(DATA begins)

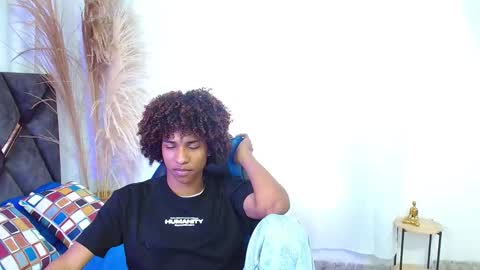 Angel online show from November 18, 2025, 8:24 pm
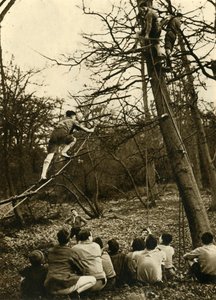 Verkenners oefenen pionieren, 1944 door Unbekannt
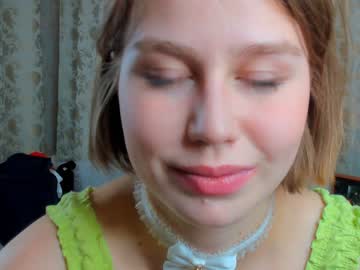 girl
        yourprincessbubblegum cam image #3279708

(DATA ends)

EXERCISE GOAL
In your answer, set down the full listing word for word and include no pictures.

ANSWER TO THIS TASK
 Angel online show from November 18, 2025, 8:24 pm
 Verkenners oefenen pionieren, 1944 door Unbekannt
 girl
        yourprincessbubblegum cam image #3279708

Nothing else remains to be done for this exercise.